WHAT THE EXERCISE ASKS - Retype exactly the lines from the one containing "After validation via" through the last line of the records below, including both, and leave out any pictures.

◆ ◆ ◆

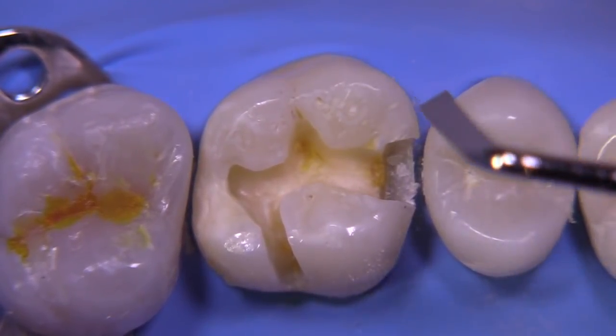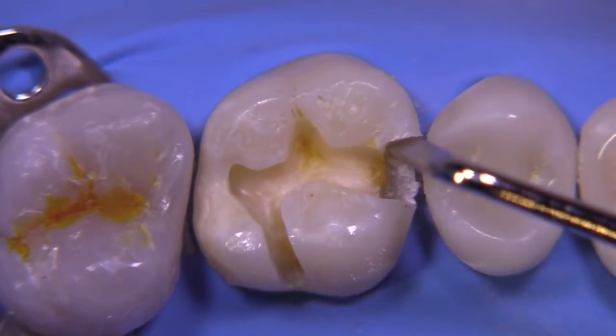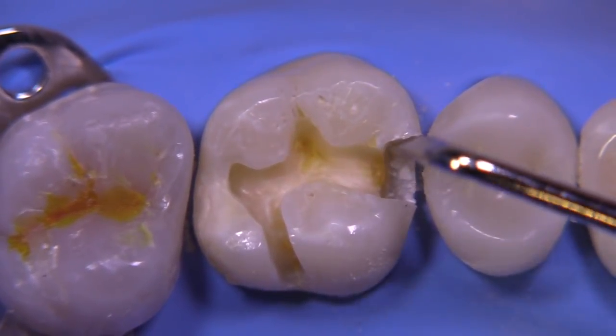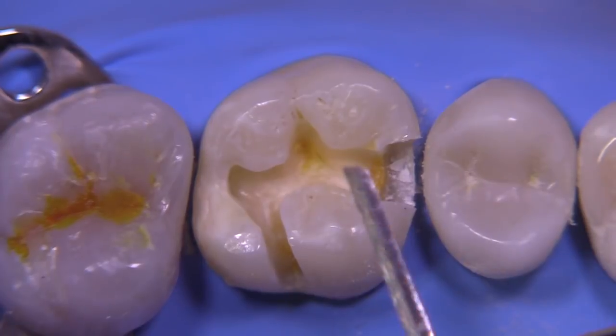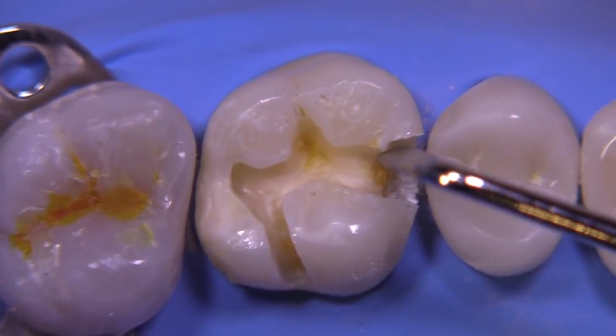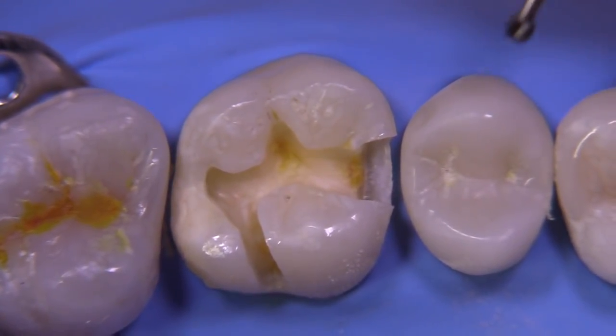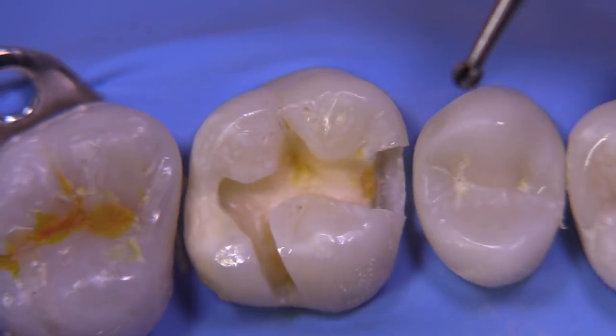We're going to do the same thing on the facial side using the sharp end of the instrument. The cutting edge is going to be up against that area and the bevel will be facing away from the wall. We're just trying to remove a little bit of loose enamel rods so we can get a preparation that looks a little bit cleaner in the box area.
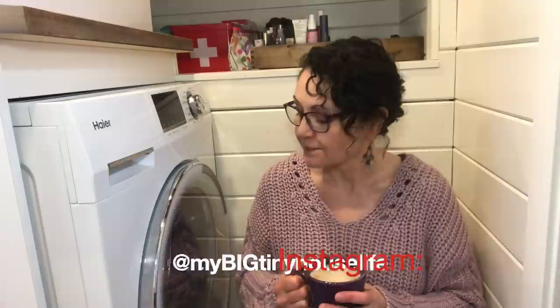Hey everyone, welcome back, and if you're new, welcome! My name is Adelina and I make videos about living in my tiny house on wheels and living a more intentional life. Now I'm in my bathroom — it's a very small space — but I'm here to talk about my Haier washer-dryer combo unit. I'll give you a review, explain how to use it, and do a little maintenance. If that interests you, please stay watching.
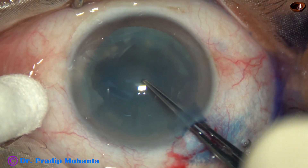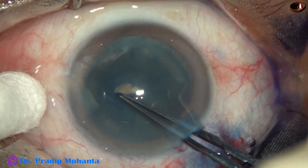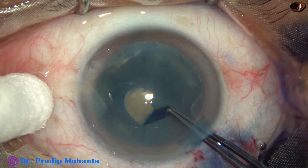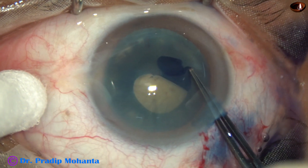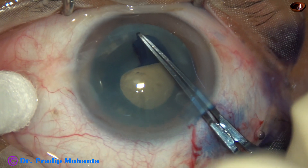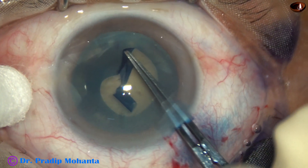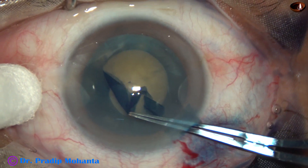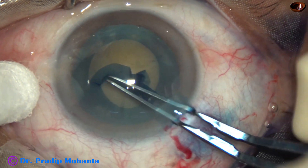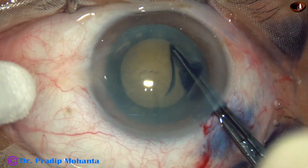And now watch the rhexis. When there is anterior insertion of the zonule, you can see that I am tearing off the zonular fibers. Because there is so much anterior insertion, I have to tear off some zonule to get an adequate size rhexis.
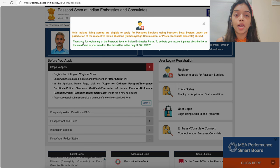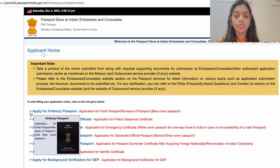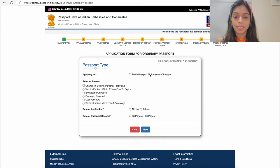After validation via your email link, come back to the website and click on User Login. This is the application home screen. We have created this request for renewing our passport, so select the 'Apply for Ordinary Passport' option, which will take you to the application form. There are a total of nine steps in this application where you have to fill in your information correctly.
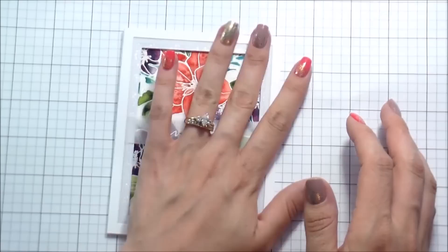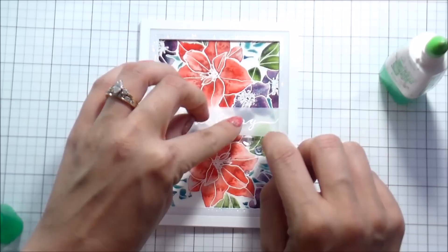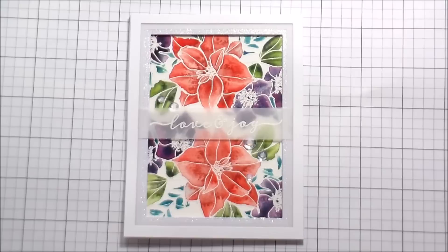Because I used the foam tape, the sentiment is going to float above the card. I wanted to add just a little bit of shimmer to accent that sentiment, so I'm using some clear sequins — just a couple to the bottom right, a couple to the top left. And that's the whole card! Thank you guys so much for joining me, I hope you'll give this a try, and I'll catch you on the next video. Bye!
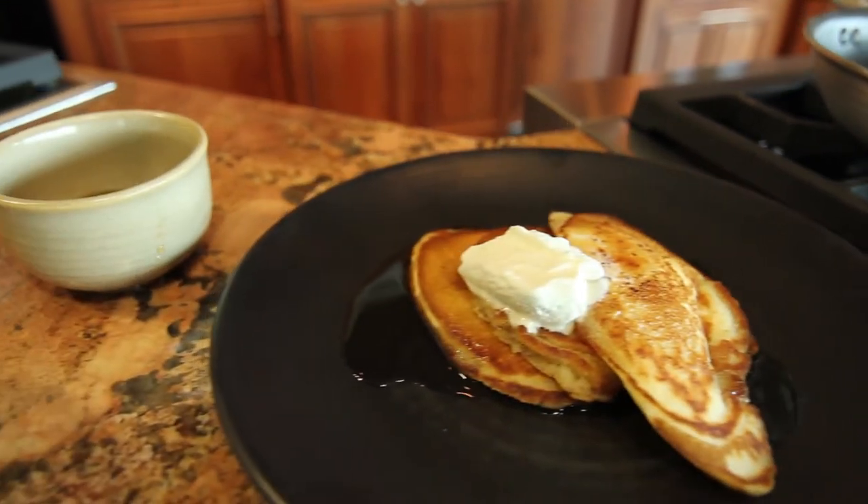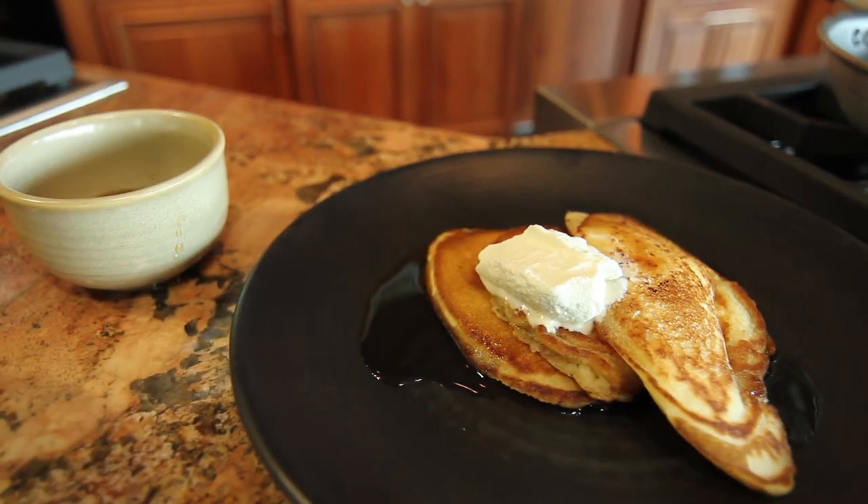Hi, I'm Mark Esty and today we're going to make eggnog pancakes. This is a simple recipe to make at home, preferably during the winter time when eggnog is abundant in all our stores.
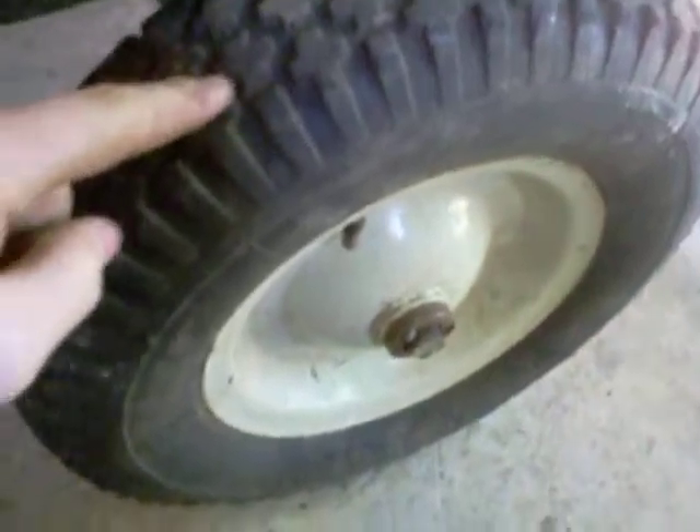Hey guys, I thought I'd show you a little trick I figured out. If you ever had a flat tire on a small tire like this one, and it's an inner tube — it's on a little red garden trailer.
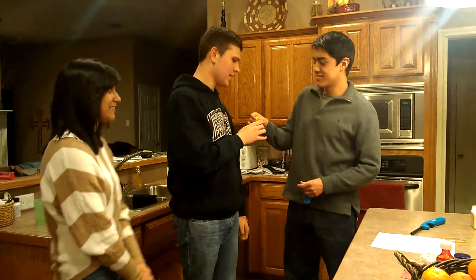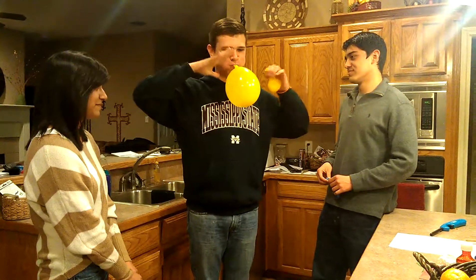Now we're going to demonstrate this. I shall blow up the yellow balloon. Here, I got enough water.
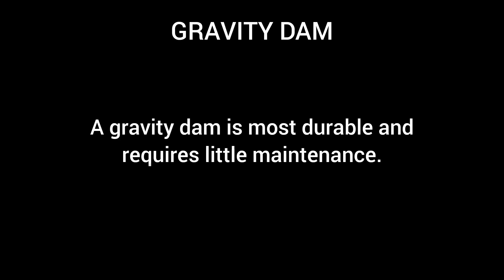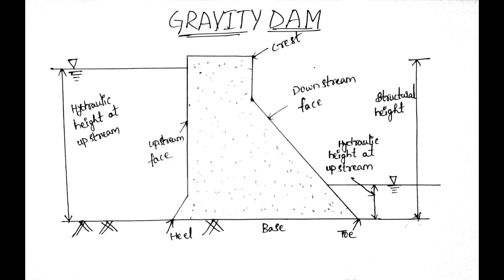A gravity dam is most durable and requires little maintenance. Gravity dams are designed and constructed in such a way that the weight of the dam structure is able to resist external forces. The external forces acting on the dam are the pressure of the water and the uplift pressure. It is made up of concrete.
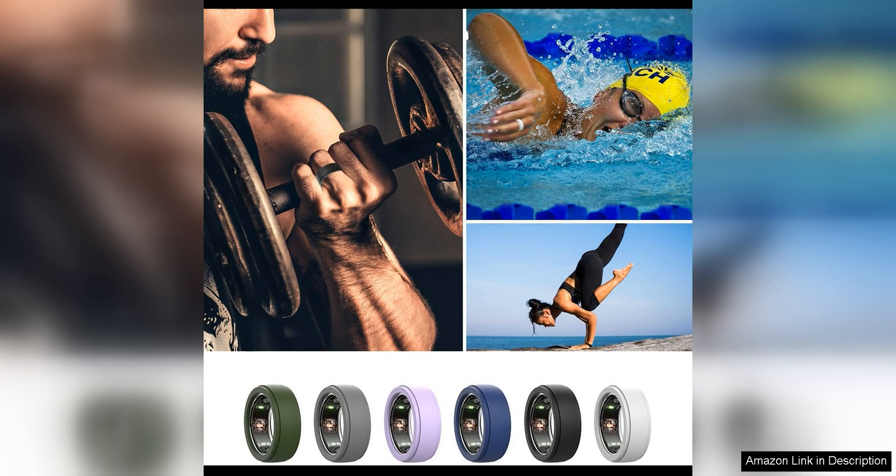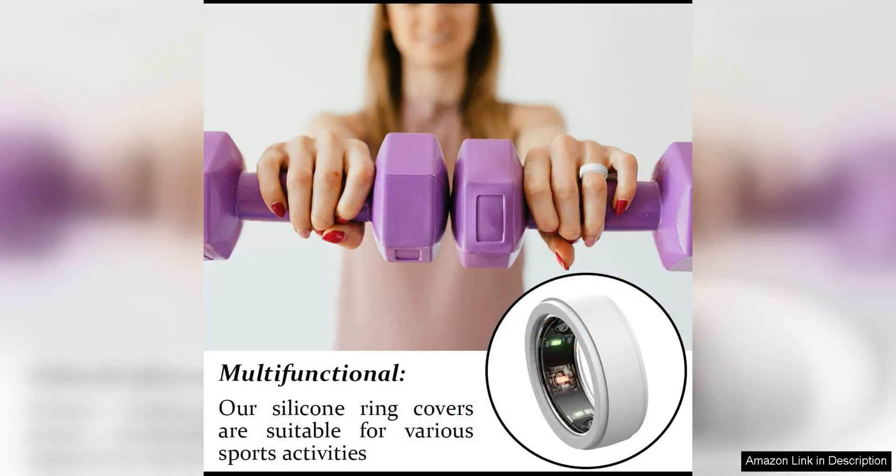One of the standout features of this ring cover is its water-resistant properties. This means that you can wear your ARA ring with confidence, even when you're washing your hands or caught out in the rain. The silicone material is also durable and flexible, providing a snug fit around your ring without adding unnecessary bulk.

◆ ◆ ◆

RESULT -
After validation via your email link, come back to the website and click on User Login. This is the application home screen. We have created this request for renewing our passport, so select the 'Apply for Ordinary Passport' option, which will take you to the application form. There are a total of nine steps in this application where you have to fill in your information correctly.
Because I used the foam tape, the sentiment is going to float above the card. I wanted to add just a little bit of shimmer to accent that sentiment, so I'm using some clear sequins — just a couple to the bottom right, a couple to the top left. And that's the whole card! Thank you guys so much for joining me, I hope you'll give this a try, and I'll catch you on the next video. Bye!
Hi, I'm Mark Esty and today we're going to make eggnog pancakes. This is a simple recipe to make at home, preferably during the winter time when eggnog is abundant in all our stores.
Hey guys, I thought I'd show you a little trick I figured out. If you ever had a flat tire on a small tire like this one, and it's an inner tube — it's on a little red garden trailer.
Now we're going to demonstrate this. I shall blow up the yellow balloon. Here, I got enough water.
A gravity dam is most durable and requires little maintenance. Gravity dams are designed and constructed in such a way that the weight of the dam structure is able to resist external forces. The external forces acting on the dam are the pressure of the water and the uplift pressure. It is made up of concrete.
One of the standout features of this ring cover is its water-resistant properties. This means that you can wear your ARA ring with confidence, even when you're washing your hands or caught out in the rain. The silicone material is also durable and flexible, providing a snug fit around your ring without adding unnecessary bulk.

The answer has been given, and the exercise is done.